We wtorek rolnicy zorganizowali blokady i protesty w blisko 200 miejscach w całej Polsce: utrudniali przejazdy drogami lokalnymi i krajowymi, wjazd do miasta, „parkowali” traktory w centrach miast. W przyszły wtorek chcą rozpocząć protesty w Warszawie. Jak ustalił reporter RMF FM, rolnicy chcą zgromadzić się przed Pałacem Kultury i Nauki, stamtąd przejść przed Sejm, a następnie przed kancelarię premiera. Mają nadzieję spotkać się z szefem rządu.
Tusk i minister Siekierski zapewniają o zrozumieniu dla rolników
Dziś w Sejmie wiele uwagi poświęcono trudnej sytuacji rolników.

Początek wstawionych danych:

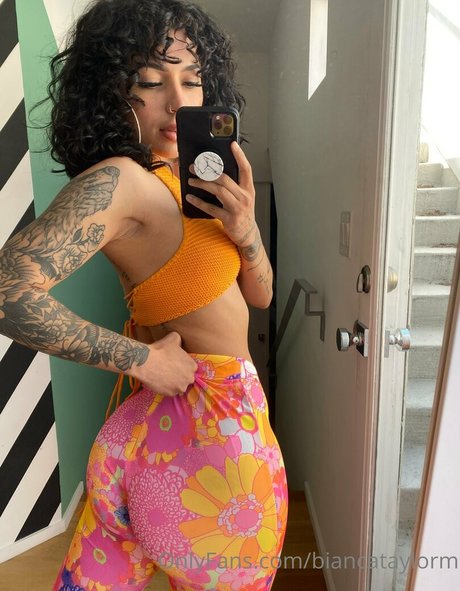 biancataylorm star du porno chaude photo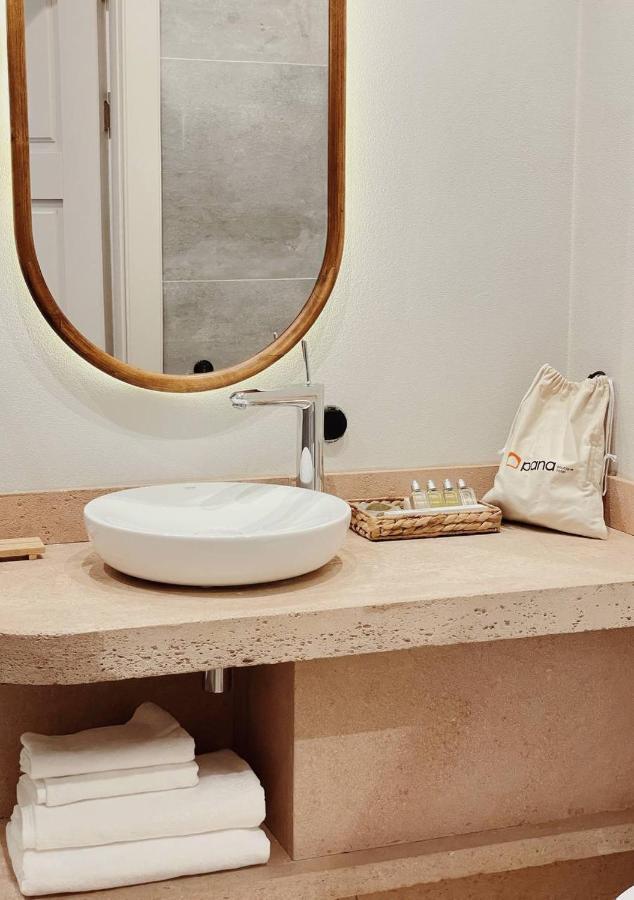 Pana Boutique Hotel Simkent Buitenkant foto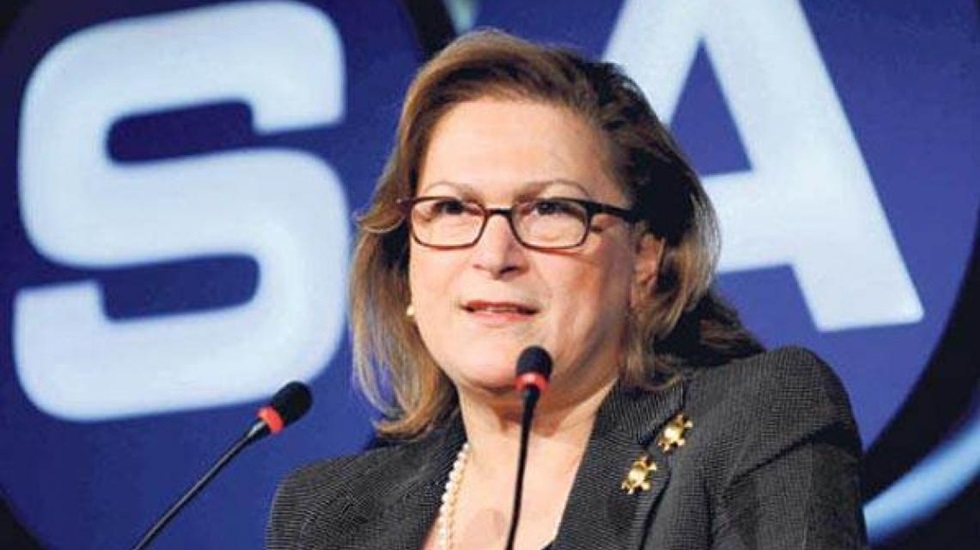 Güler Sabancı: Berat Albayrak’ın söylenenleri harfiyen yapılacağına inancımız tam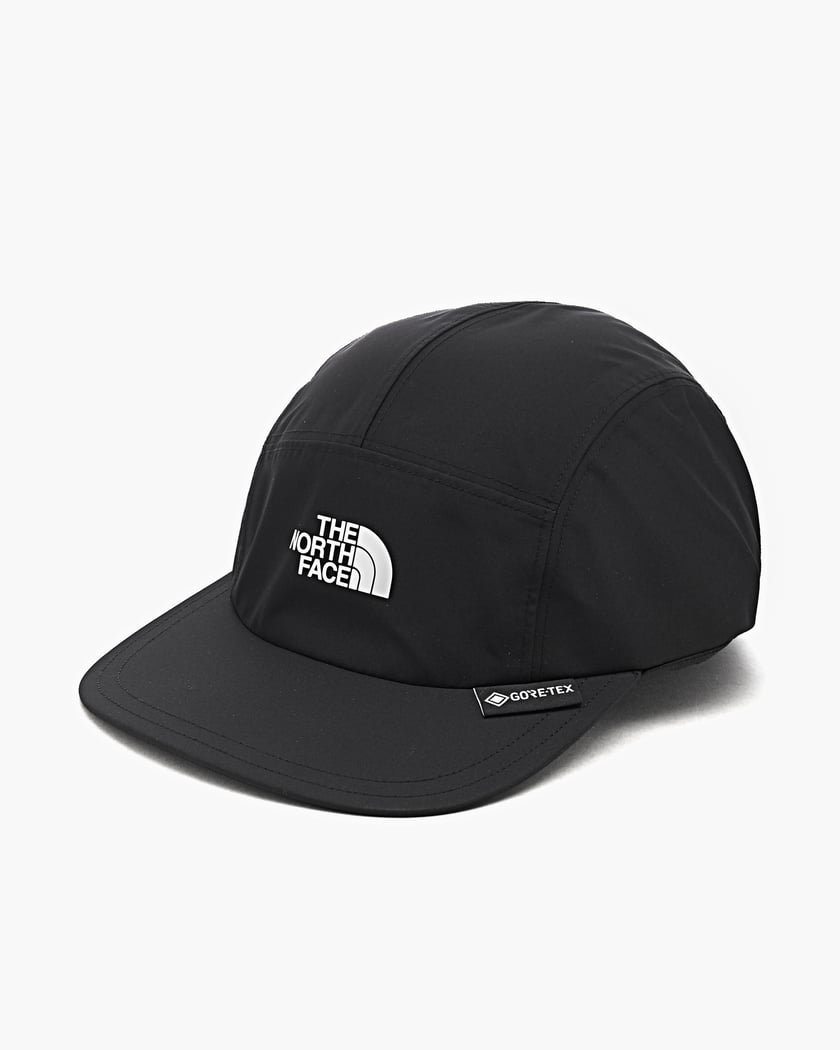 The North Face Unisex Gore-Tex Cap Black NF0A8887JK31 The North Face Unisex Gore-Tex Cap Black NF0A8887JK31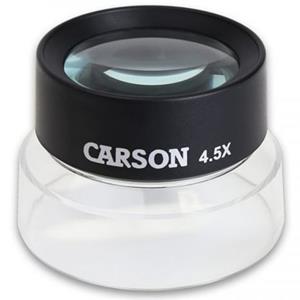 Carson Opzetloep 4,5x75mm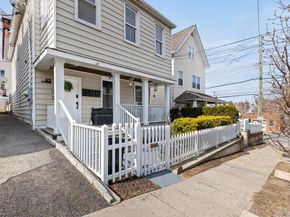 62 Oak Street, Mount Vernon NY 10550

Premier Donald Tusk zapewnił, że nie ustaje w wysiłkach, aby zabezpieczyć interesy polskiej wsi.
– Będziemy szukali rozwiązań ochronnych dla polskich rolników, poprzez użycie środków krajowych jak i poprzez dalsze negocjacje z Ukrainą, z instytucjami europejskimi. Tak, aby te negatywne konsekwencje liberalizacji handlu z Ukrainą były mniej dotkliwe, żeby je zniwelować, tak jak się da. I tutaj polscy rolnicy mogą na mnie liczyć. Jesteśmy do dyspozycji – zapewnił premier.
Minister rolnictwa Czesław Siekierski zapewniał dziś w Sejmie, że rozumie rolników i przyznaje im rację.

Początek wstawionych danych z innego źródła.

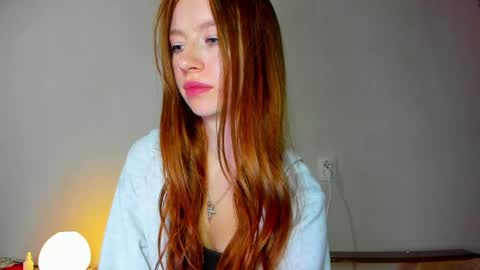 Amelia online show from June 2, 9:29 pm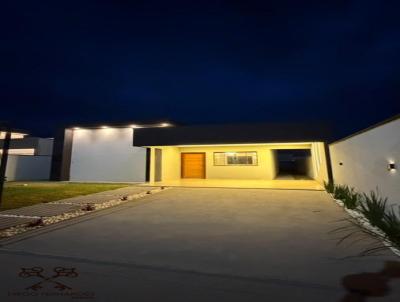 Casa para Venda, em Sinop, bairro Parque Amazonas, 2 dormit�rios, 1 banheiro, 1 su�te, 2 vagas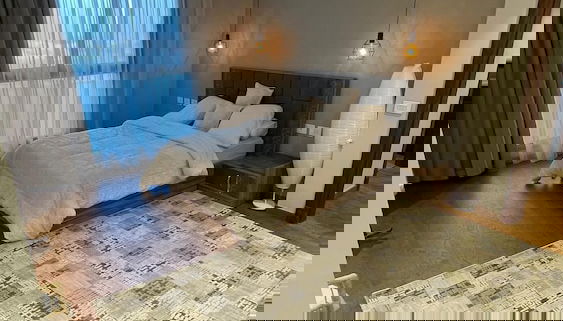 Furnished Apartment in AEON Compound805 - Photo 4, Chambre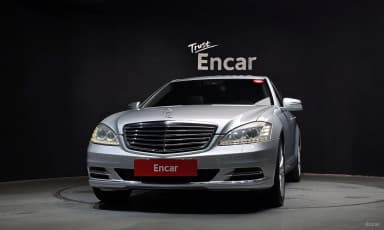 S-Class W221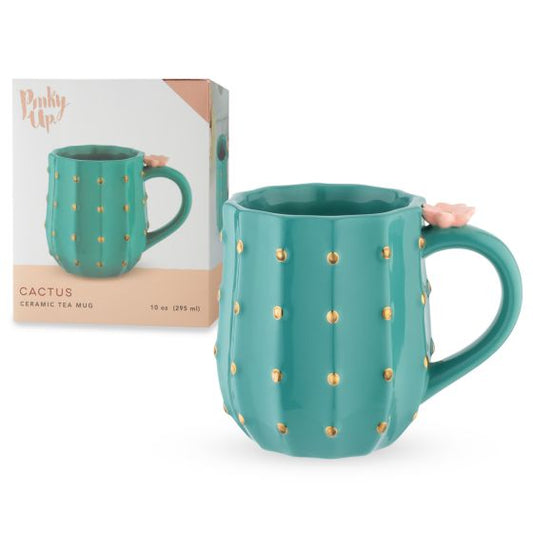 Cactus Mug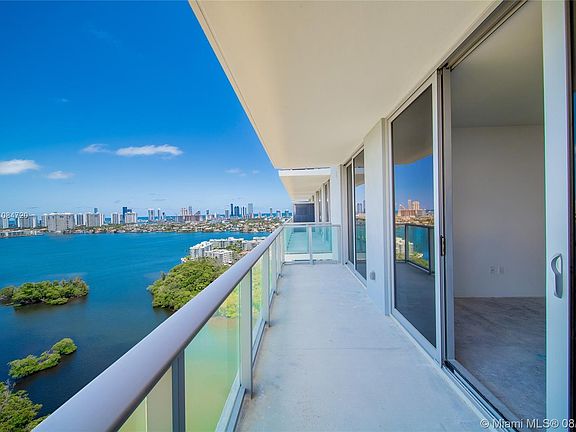 Maule Lake and Ocean views form living room and master bedroom
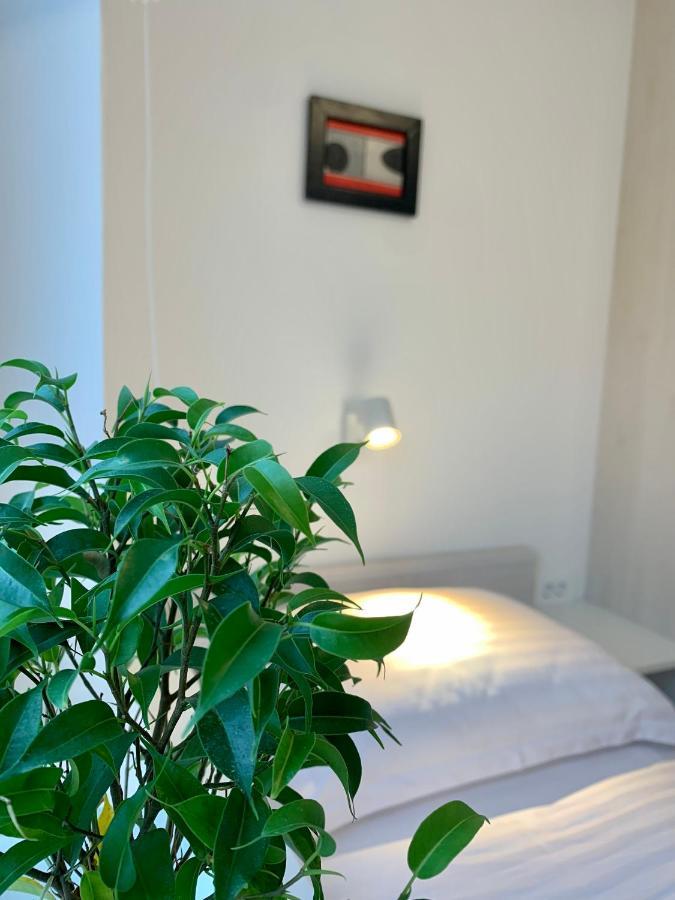 Apartment Zen Sveta Nedjelja  Ngoại thất bức ảnh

– Komisja Europejska posunęła się za daleko jeżeli chodzi o wymogi związane z Zielonym Ładem. Obecnie protestujący rolnicy słusznie wyrażają sprzeciw wobec sytuacji, w jakiej znalazło się rolnictwo w Polsce – mówił w Sejmie Siekierski.

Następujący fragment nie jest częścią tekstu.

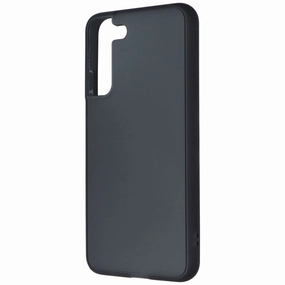 Refined Style MyBat Pro Shade Series Case for Samsung Galaxy S22  (Plus) - Black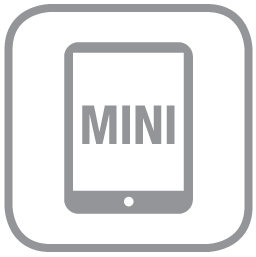 Mini tablet Mini tablet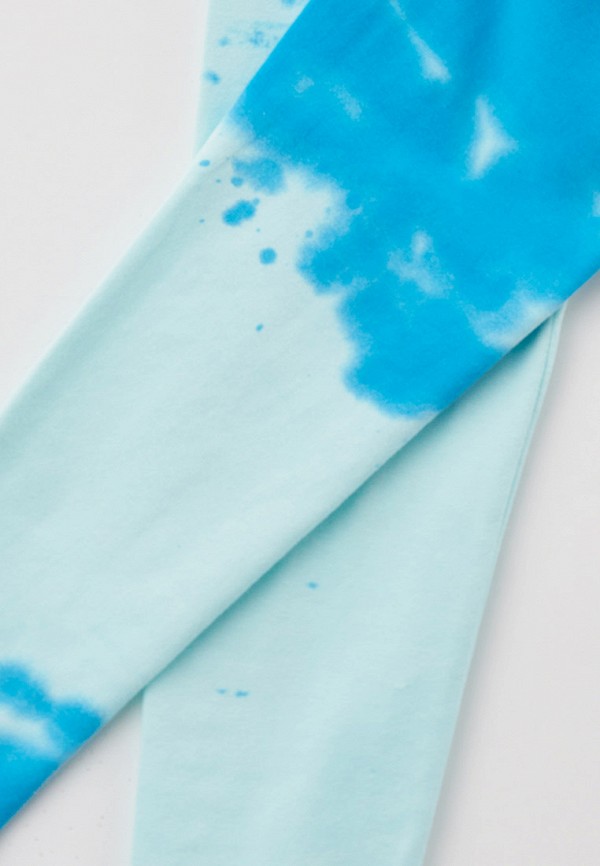 Леггинсы Ete Children голубой, размер 122, фото 3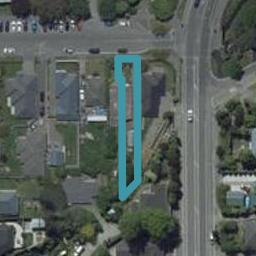 2/58 Averill Street, Richmond, Christchurch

Zapewnił, że „naszym wspólnym celem jest silne polskie i europejskie rolnictwo, które potrafi obronić się przed nieuczciwą konkurencją” i wobec tego niezbędne jest wzmocnienie pomocy finansowej dla rolników. Wezwał też Komisarza ds. rolnictwa do „przejrzystości w działaniu”. W ocenie ministra konieczne jest odejście od rygorystycznych i kosztownych zasad Zielonego Ładu, w którym rolnicy z całej Europy (bo protesty trwają nie tylko w Polsce) dostrzegają niebezpieczeństwo dla swojej przyszłości. Obawiają się, że nie podołają finansowo wymaganiom nowej polityki unijnej.